In the interest of providing Baytex's shareholders and potential investors with information regarding Baytex, including management's assessment of Baytex's future plans and operations, certain statements in this press release are "forward-looking statements" within the meaning of the United States Private Securities Litigation Reform Act of 1995 and "forward-looking information" within the meaning of applicable Canadian securities legislation (collectively, "forward-looking statements").  In some cases, forward-looking statements can be identified by terminology such as "anticipate", "believe", "continue", "expect", "forecast", "intend", "may", "objective", "ongoing", "outlook", "potential", "project", "plan", "should", "target", "would", "will" or similar words suggesting future outcomes, events or performance.  The forward-looking statements contained in this press release speak only as of the date thereof and are expressly qualified by this cautionary statement.

Specifically, this press release contains forward-looking statements relating to but not limited to: our business strategies, plans and objectives; that returning shut-in volumes will have a positive impact on our adjusted funds flow; that we expect to generate free cash flow and maintain $300 million of financial liquidity for the remainder of 2020; our revised 2020 capital budget; that we expect to see moderated activity in the Eagle Ford; that we expect 5,000 boe/d of heavy oil to remain shut-in; our revised 2020 production guidance; that we have the ability to shut-in additional volumes or restart wells in short order; that we remain focused on driving further efficiency in our operations; our revised 2020 guidance for exploration and development expenditures, production, royalty rate, operating, transportation, general and administration and interest expense and leasing expenditures and asset retirement obligations.
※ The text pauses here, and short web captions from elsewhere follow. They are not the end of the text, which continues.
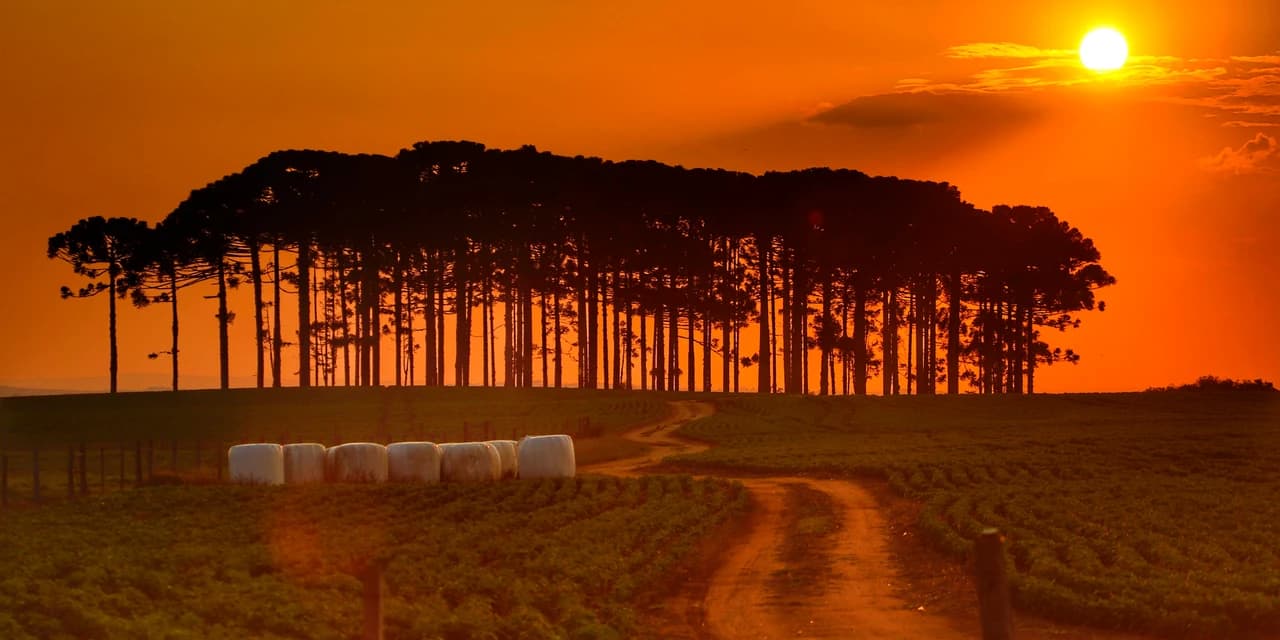 Estado lança plataforma interativa sobre riscos de grandes eventos climáticos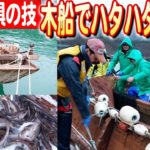 絶滅危惧の技、木船でハタハタを追う！秋田の漁師たちの挑戦 日本財団 海と日本PROJECT in 2023 #21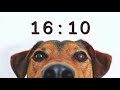 30 Minute Timer for School and Homework - Dog Bark Alarm Sound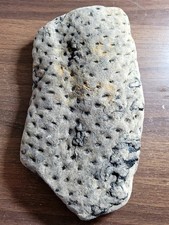 Large piece carboniferous for sale Large piece carboniferous for sale  PETERLEE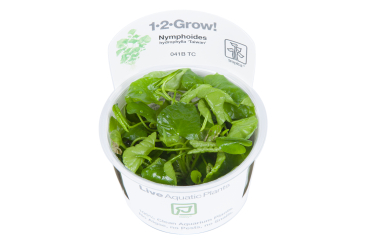 1-2-GROW Nymphoides sp. Taiwan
These forward-looking statements are based on certain key assumptions regarding, among other things: petroleum and natural gas prices and differentials between light, medium and heavy oil prices; well production rates and reserve volumes; our ability to add production and reserves through our exploration and development activities; capital expenditure levels; our ability to borrow under our credit agreements; the receipt, in a timely manner, of regulatory and other required approvals for our operating activities; the availability and cost of labour and other industry services; interest and foreign exchange rates; the continuance of existing and, in certain circumstances, proposed tax and royalty regimes; our ability to develop our crude oil and natural gas properties in the manner currently contemplated; and current industry conditions, laws and regulations continuing in effect (or, where changes are proposed, such changes being adopted as anticipated). Readers are cautioned that such assumptions, although considered reasonable by Baytex at the time of preparation, may prove to be incorrect.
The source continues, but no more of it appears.